#### DATA EXTRACT
● ● ● ●
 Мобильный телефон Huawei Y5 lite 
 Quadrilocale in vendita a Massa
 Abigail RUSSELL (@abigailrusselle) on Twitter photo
● ● ● ●
#### DESCRIPTION OF THE TASK
The whole listing above needs to be transcribed exactly.

#### SOLVED EXERCISE
 Мобильный телефон Huawei Y5 lite 
 Quadrilocale in vendita a Massa
 Abigail RUSSELL (@abigailrusselle) on Twitter photo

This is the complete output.